Task requirements:
Below are records; please set down exactly the lines from the first through the one containing "2024 Volkswagen Jetta S".

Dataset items
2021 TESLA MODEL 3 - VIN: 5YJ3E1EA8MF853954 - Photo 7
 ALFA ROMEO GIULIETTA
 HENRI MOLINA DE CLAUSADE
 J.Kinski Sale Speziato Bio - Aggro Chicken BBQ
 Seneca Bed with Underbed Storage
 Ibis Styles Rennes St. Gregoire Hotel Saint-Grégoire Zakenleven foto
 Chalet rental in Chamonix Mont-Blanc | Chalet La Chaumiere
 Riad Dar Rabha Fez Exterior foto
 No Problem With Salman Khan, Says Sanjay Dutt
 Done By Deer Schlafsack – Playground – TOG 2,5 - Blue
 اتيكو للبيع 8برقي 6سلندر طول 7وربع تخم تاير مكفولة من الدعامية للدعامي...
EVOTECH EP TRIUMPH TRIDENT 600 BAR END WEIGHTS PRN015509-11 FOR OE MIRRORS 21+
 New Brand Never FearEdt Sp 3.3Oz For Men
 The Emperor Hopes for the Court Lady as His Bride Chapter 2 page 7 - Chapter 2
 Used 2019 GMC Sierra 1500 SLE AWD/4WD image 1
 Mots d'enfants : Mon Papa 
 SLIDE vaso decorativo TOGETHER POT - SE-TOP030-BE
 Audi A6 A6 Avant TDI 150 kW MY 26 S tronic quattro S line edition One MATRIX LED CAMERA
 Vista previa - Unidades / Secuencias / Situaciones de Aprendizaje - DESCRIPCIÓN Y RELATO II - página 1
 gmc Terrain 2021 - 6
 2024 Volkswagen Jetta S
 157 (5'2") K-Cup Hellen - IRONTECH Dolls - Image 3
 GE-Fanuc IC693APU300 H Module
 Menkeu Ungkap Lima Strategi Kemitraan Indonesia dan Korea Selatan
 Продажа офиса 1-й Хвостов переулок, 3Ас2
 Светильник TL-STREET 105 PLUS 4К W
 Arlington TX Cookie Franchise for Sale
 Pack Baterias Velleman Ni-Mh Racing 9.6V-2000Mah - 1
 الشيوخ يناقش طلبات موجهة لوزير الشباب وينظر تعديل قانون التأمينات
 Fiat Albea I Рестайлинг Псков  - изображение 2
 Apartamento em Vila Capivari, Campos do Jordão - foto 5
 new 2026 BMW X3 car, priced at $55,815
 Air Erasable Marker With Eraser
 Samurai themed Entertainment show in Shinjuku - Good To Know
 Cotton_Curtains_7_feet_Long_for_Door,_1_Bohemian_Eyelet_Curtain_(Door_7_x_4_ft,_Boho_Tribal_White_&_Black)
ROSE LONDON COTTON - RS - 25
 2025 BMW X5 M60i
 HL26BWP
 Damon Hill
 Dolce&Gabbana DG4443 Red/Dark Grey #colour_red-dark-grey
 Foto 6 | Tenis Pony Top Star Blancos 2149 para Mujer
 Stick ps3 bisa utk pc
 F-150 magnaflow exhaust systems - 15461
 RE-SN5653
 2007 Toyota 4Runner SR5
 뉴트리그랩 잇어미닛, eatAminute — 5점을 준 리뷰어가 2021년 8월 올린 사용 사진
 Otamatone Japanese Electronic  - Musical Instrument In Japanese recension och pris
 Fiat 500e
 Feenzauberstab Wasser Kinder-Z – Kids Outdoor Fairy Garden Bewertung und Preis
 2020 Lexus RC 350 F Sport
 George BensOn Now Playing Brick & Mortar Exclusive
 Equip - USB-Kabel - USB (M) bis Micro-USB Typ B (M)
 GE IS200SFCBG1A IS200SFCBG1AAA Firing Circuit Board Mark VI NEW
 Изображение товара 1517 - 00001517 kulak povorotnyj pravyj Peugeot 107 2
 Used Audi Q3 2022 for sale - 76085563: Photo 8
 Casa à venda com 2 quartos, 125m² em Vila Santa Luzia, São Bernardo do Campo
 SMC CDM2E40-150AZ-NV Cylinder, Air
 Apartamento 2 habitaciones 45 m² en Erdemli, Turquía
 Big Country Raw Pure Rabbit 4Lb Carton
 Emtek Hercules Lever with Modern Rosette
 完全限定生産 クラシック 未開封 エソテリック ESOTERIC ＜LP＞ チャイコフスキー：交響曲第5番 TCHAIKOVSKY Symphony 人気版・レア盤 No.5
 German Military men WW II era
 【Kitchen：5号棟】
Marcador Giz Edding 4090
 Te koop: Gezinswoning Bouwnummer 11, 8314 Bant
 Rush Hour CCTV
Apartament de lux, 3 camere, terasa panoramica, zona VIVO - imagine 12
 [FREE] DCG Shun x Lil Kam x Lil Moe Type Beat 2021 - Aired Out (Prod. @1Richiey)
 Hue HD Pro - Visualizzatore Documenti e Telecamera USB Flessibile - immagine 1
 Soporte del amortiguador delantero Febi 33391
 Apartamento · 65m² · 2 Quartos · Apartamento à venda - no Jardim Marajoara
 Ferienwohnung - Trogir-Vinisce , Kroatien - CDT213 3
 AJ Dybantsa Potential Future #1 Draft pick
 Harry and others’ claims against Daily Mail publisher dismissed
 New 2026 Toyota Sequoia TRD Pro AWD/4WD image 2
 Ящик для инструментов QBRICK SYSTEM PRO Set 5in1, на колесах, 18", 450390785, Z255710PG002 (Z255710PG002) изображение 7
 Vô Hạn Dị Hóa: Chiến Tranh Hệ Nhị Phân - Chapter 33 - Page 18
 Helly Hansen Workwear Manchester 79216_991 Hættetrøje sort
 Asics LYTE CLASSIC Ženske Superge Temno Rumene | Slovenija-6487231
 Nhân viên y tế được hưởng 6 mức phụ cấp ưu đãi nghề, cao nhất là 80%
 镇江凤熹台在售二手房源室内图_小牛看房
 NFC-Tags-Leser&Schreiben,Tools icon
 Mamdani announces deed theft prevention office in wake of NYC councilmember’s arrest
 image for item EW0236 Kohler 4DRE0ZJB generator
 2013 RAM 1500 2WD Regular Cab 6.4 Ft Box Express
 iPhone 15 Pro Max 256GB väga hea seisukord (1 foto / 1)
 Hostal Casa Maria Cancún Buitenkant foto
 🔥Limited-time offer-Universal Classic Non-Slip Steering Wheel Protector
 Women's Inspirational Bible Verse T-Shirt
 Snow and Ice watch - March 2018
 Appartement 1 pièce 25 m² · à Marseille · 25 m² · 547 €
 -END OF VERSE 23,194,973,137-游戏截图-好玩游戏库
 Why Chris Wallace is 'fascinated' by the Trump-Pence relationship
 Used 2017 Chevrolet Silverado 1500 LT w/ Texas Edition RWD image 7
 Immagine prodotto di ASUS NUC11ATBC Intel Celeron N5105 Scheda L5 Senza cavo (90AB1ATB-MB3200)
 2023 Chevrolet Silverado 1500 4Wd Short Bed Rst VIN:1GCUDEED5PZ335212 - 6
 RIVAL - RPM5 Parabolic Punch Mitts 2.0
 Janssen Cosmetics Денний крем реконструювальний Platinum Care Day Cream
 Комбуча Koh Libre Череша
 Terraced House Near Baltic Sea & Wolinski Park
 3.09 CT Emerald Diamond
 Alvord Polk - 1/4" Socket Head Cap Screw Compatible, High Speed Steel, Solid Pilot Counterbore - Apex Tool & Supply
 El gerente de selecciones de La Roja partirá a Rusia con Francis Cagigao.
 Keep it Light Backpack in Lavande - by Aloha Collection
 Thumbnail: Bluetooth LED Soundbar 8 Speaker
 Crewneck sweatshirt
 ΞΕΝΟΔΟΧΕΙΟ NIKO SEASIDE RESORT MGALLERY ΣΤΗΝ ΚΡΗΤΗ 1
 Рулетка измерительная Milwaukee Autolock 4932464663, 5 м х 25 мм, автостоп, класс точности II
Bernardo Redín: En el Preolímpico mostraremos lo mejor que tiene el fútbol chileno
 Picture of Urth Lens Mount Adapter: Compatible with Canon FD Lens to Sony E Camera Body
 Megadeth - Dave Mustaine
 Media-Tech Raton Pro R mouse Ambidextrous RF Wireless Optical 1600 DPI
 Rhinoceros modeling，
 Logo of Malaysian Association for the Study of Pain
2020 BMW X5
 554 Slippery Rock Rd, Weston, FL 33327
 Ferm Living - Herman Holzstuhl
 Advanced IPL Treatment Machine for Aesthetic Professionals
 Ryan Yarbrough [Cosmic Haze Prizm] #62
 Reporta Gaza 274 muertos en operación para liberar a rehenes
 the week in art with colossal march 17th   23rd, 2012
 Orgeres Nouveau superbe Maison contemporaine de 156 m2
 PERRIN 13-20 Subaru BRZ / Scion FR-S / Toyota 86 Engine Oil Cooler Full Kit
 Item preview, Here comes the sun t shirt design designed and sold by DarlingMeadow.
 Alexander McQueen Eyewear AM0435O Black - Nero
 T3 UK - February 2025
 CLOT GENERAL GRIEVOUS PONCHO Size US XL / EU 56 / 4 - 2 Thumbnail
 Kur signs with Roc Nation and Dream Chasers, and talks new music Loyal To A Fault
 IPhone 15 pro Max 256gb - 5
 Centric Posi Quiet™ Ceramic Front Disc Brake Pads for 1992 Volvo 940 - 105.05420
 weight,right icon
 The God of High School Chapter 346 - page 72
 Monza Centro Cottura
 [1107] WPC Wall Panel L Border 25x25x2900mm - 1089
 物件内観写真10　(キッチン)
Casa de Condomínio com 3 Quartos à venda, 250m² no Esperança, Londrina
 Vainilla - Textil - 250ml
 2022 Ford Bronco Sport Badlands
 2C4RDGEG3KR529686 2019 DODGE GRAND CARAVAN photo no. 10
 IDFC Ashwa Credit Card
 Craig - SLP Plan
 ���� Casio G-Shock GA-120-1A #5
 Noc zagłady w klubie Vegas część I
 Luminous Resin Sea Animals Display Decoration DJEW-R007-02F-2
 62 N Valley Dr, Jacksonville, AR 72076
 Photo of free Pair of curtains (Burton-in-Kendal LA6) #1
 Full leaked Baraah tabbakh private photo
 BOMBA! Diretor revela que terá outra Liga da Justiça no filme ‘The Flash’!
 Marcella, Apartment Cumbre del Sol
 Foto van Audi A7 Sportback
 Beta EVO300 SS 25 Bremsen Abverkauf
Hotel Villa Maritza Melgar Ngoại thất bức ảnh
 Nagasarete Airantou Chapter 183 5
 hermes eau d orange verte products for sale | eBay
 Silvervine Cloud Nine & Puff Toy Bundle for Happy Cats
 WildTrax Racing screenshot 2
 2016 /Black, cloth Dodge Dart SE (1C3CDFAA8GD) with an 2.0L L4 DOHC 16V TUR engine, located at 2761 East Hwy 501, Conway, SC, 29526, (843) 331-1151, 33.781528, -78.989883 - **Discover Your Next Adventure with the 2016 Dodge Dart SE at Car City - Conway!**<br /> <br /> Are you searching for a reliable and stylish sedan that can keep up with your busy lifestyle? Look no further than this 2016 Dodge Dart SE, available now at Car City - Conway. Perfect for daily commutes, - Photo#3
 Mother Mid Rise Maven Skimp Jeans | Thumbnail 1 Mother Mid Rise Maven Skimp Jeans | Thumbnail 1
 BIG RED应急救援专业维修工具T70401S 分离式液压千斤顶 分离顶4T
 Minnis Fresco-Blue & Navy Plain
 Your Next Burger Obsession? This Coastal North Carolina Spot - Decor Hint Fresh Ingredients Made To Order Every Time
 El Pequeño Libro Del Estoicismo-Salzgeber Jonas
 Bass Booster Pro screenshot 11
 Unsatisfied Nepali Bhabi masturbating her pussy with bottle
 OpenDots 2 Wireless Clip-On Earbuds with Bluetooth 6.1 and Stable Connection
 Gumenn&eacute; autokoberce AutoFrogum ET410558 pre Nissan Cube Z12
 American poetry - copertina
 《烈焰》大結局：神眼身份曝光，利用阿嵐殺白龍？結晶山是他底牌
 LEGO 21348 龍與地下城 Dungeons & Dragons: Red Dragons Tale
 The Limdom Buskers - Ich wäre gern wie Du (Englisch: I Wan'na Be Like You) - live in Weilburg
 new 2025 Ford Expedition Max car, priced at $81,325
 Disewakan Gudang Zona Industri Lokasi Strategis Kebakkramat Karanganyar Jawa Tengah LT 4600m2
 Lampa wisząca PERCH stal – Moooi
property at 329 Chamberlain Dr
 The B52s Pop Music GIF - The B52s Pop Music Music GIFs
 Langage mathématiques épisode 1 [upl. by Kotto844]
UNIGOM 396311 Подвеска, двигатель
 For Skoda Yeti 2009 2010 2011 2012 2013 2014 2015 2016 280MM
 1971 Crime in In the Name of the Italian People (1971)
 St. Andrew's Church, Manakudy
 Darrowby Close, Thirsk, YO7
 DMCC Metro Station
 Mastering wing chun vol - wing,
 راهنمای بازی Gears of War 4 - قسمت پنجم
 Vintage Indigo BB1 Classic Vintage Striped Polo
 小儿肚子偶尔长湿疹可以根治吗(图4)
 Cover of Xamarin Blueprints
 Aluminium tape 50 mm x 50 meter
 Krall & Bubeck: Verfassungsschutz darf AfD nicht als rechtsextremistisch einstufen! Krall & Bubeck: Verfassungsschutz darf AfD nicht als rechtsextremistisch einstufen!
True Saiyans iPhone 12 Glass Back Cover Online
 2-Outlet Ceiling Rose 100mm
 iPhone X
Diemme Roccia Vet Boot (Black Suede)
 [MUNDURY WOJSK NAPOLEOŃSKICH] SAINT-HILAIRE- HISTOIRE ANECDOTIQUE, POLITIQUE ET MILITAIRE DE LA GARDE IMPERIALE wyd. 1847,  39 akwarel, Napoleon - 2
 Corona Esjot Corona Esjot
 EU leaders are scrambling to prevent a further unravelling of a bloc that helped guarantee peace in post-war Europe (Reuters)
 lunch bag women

Reply:
2021 TESLA MODEL 3 - VIN: 5YJ3E1EA8MF853954 - Photo 7
 ALFA ROMEO GIULIETTA
 HENRI MOLINA DE CLAUSADE
 J.Kinski Sale Speziato Bio - Aggro Chicken BBQ
 Seneca Bed with Underbed Storage
 Ibis Styles Rennes St. Gregoire Hotel Saint-Grégoire Zakenleven foto
 Chalet rental in Chamonix Mont-Blanc | Chalet La Chaumiere
 Riad Dar Rabha Fez Exterior foto
 No Problem With Salman Khan, Says Sanjay Dutt
 Done By Deer Schlafsack – Playground – TOG 2,5 - Blue
 اتيكو للبيع 8برقي 6سلندر طول 7وربع تخم تاير مكفولة من الدعامية للدعامي...
EVOTECH EP TRIUMPH TRIDENT 600 BAR END WEIGHTS PRN015509-11 FOR OE MIRRORS 21+
 New Brand Never FearEdt Sp 3.3Oz For Men
 The Emperor Hopes for the Court Lady as His Bride Chapter 2 page 7 - Chapter 2
 Used 2019 GMC Sierra 1500 SLE AWD/4WD image 1
 Mots d'enfants : Mon Papa 
 SLIDE vaso decorativo TOGETHER POT - SE-TOP030-BE
 Audi A6 A6 Avant TDI 150 kW MY 26 S tronic quattro S line edition One MATRIX LED CAMERA
 Vista previa - Unidades / Secuencias / Situaciones de Aprendizaje - DESCRIPCIÓN Y RELATO II - página 1
 gmc Terrain 2021 - 6
 2024 Volkswagen Jetta S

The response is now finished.